乱歩の記念すべき処女作であり、ポーの「黄金虫」の向こうを張った暗号が楽しめる作品です。
まずなにより、銅貨に暗号を隠すっていう発想がすごいし、それを解こうとする友人の努力と想像力に感服ですな。
暗号自体も結構というか、かなり複雑で当時の時代を考えるとすごい事だと思います。
今読むと、短編ということもあってかなりシンプルなので、満足度は薄いかもしれませんが、それでも結末までわくわく出来ると思います。
それにしても、そんなところにお金を隠すのは絶対ないだろ~と思うのは僕だけでしょうかね・・・



『一枚の切符』(ネタバレ有り)

個人的には「二銭銅貨」より好きかも・・・。
まず犯行そのものが名刑事がわざわざ出馬しなくてもいいだろ、と思うぐらい杜撰なのがミソですね。
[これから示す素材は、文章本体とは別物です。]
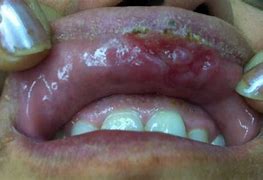 Image result for Syphilis Mouth Ulcer
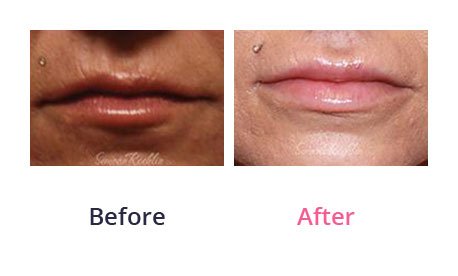 Lip-Augmentation-img-19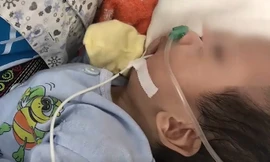 Căn bệnh nguy hiểm khiến trẻ có khuôn mặt hình mỏ chim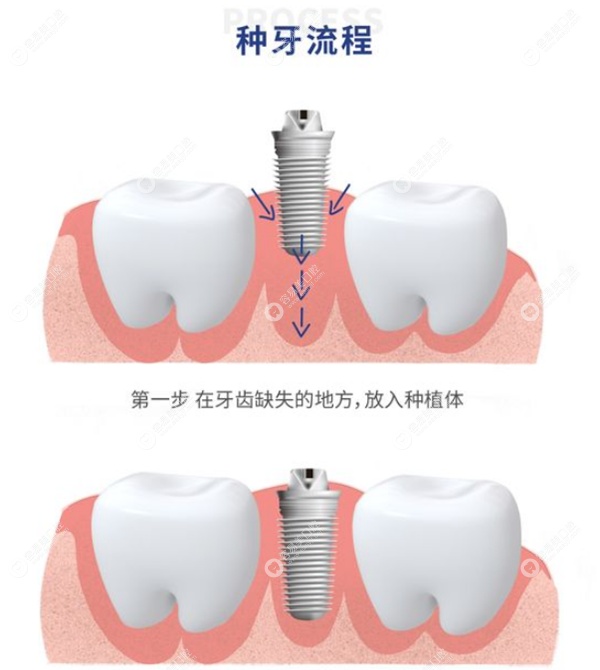 杭州萧山牙科医院种植牙容易美口腔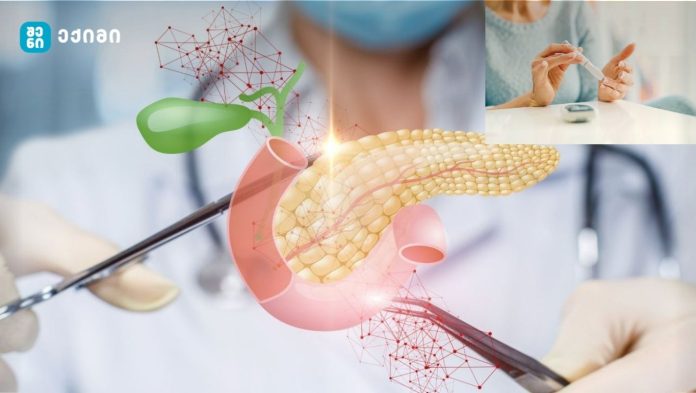 ისტორიული მიღწევა - მკვლევრებმა ღეროვანი უჯრედების გამოყენებით შექმნეს თერაპია, შეძლეს ფუნქციური პანკრეასის აღდგენა და სისხლში შაქრის ნორმალიზება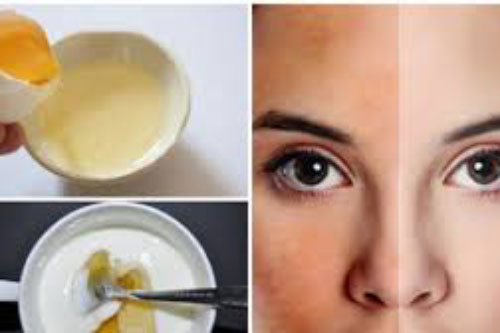 Trộn lòng trắng trứng với thứ này thoa lên mặt, làn da xỉn màu khô ráp bỗng bật tông trắng sáng bất ngờ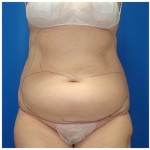 Liposuction Before & After Patient #429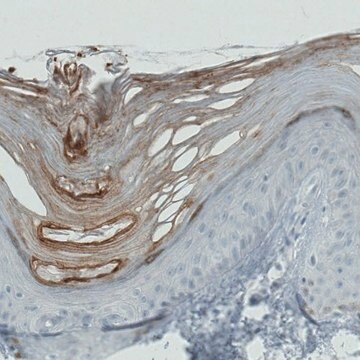 Monoclonal Anti-RNASE7 antibody produced in mouse Prestige Antibodies&#174; Powered by Atlas Antibodies, clone CL0223, purified immunoglobulin, buffered aqueous glycerol solution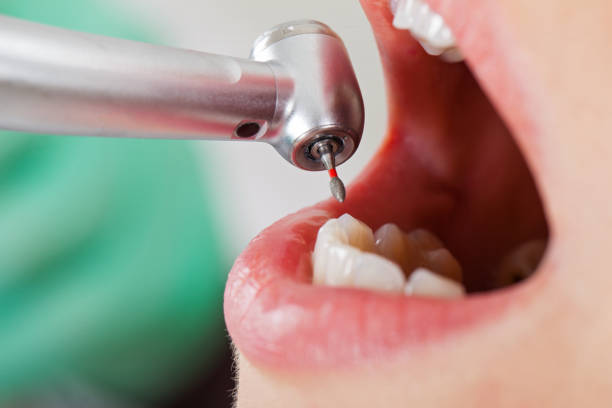Best Emergency Wisdom Teeth Removal in Williamstown, KY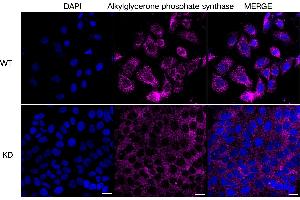 anti-Alkylglycerone Phosphate Synthase (AGPS) antibody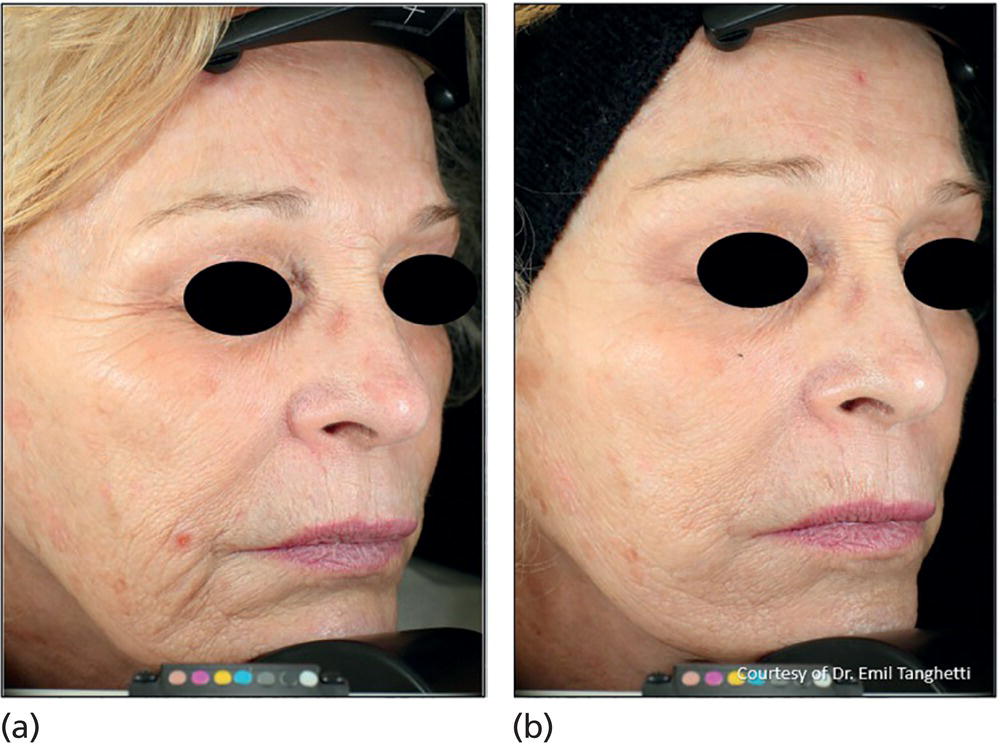 Schematic illustration of wrinkle reduction: (a) before and (b) after.
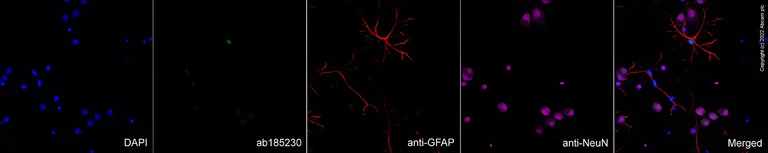 Immunocytochemistry/ Immunofluorescence - Goat Anti-Mouse IgG H&L (Alexa Fluor® 647) preadsorbed (AB150119)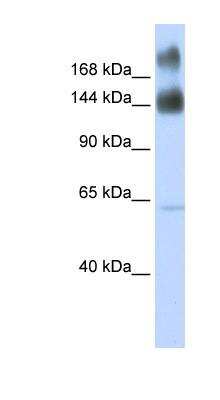 Western Blot: kinectin Antibody [NBP1-91592]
足跡の謎なども、犯人は自分だと言ってくれっていうようなもんで。
でも実はそこには被害者自身が仕掛けた巧妙(?)な罠の存在があるんですね~。
なぜ、?マークをつけたかというと、靴のくだりがあまりにも・・・っていうところがあるんですよね。
この作品の何が気に入ってるかというと、真の探偵役が逮捕された人物の無罪を立証する為の貴重な物証となる一枚の切符の存在が探偵役自身が仕掛けたフェイクの証拠だというところです。
この微妙な読後感がのちのちの乱歩が垣間見える気がしていいんですよ。



『恐ろしき錯誤』(ネタバレ有り)

乱歩自身はこの短編の出来にかなり不満足なようですが、タイトルを読んだだけでなんとなく狙いが読めます。
冒頭に事件の謎が提起され、主人公が犯人と信じるものへの告発をするわけですが、相手の態度に自分の疑惑に対する確信を得て残酷な事実を伝えます。
実は疑惑の対象は他にあった訳ですが、ある物証を突きつける(死んだ妻の写真を入れるメダル)事によって相手の反応を確かめる訳ですが、実は間違った物証を提示してしまったのではないかと主人公は疑問を抱き始め、さらには犯人と確信した人物から届いた手紙によってついに主人公は発狂してしまう訳ですが・・・・
うーん、それなりに面白いし、こういう疑問を感じてしまうことは多々あると思うんですけど、なんだろう文章の問題なのか、これで発狂するのかと・・・・
乱歩らしさは垣間見ることは出来るのですが、自身が語るとおり小説の出来としては落ちるのかなあ。